TASK TO COMPLETE: Among the lines below, copy exactly those from the one with "独家发售 巴黎世家秋冬潮品 羊羔毛毛拖" through the one with "2011 Ram 1500", counting both ends.

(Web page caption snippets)
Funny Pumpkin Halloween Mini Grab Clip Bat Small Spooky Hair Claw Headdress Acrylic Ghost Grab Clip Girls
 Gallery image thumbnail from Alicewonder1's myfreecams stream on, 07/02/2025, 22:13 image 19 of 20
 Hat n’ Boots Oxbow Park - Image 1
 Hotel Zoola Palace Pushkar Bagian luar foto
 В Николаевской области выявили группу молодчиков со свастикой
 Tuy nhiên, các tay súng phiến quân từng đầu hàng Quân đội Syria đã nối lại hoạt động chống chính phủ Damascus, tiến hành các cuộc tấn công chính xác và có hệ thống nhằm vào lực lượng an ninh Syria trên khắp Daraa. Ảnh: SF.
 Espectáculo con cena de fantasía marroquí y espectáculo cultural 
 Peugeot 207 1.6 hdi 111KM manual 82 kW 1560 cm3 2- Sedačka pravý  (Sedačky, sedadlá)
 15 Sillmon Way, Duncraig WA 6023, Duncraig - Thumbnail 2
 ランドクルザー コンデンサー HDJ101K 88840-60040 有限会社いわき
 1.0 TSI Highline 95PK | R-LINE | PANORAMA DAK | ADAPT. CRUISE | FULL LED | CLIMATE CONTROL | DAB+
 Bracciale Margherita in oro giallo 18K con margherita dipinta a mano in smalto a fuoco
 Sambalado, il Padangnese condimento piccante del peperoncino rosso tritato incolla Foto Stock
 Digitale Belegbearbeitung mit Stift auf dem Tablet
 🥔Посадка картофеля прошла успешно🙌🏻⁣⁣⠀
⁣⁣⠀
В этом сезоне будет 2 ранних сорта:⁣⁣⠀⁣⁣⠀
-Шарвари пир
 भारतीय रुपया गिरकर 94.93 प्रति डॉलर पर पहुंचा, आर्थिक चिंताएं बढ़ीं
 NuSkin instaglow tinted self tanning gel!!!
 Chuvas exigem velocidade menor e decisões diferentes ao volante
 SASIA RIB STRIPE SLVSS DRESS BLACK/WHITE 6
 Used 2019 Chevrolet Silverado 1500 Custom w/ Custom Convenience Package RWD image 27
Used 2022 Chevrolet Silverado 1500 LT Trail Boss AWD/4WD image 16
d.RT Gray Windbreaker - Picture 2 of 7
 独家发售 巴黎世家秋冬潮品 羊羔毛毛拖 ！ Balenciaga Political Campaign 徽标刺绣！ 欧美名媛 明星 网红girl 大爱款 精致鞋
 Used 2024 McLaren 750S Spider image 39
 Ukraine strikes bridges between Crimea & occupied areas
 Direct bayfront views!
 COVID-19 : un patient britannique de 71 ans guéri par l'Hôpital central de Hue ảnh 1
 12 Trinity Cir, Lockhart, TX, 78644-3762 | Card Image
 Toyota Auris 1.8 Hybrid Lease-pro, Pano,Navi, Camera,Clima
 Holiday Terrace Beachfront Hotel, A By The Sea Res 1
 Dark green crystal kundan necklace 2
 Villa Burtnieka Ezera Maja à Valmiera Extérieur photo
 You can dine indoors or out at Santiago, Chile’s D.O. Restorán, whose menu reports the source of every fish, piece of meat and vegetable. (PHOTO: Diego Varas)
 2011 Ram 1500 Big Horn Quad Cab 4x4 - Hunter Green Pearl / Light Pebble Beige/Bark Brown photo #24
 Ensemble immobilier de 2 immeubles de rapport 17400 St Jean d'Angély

EXERCISE SOLUTION:
 独家发售 巴黎世家秋冬潮品 羊羔毛毛拖 ！ Balenciaga Political Campaign 徽标刺绣！ 欧美名媛 明星 网红girl 大爱款 精致鞋
 Used 2024 McLaren 750S Spider image 39
 Ukraine strikes bridges between Crimea & occupied areas
 Direct bayfront views!
 COVID-19 : un patient britannique de 71 ans guéri par l'Hôpital central de Hue ảnh 1
 12 Trinity Cir, Lockhart, TX, 78644-3762 | Card Image
 Toyota Auris 1.8 Hybrid Lease-pro, Pano,Navi, Camera,Clima
 Holiday Terrace Beachfront Hotel, A By The Sea Res 1
 Dark green crystal kundan necklace 2
 Villa Burtnieka Ezera Maja à Valmiera Extérieur photo
 You can dine indoors or out at Santiago, Chile’s D.O. Restorán, whose menu reports the source of every fish, piece of meat and vegetable. (PHOTO: Diego Varas)
 2011 Ram 1500 Big Horn Quad Cab 4x4 - Hunter Green Pearl / Light Pebble Beige/Bark Brown photo #24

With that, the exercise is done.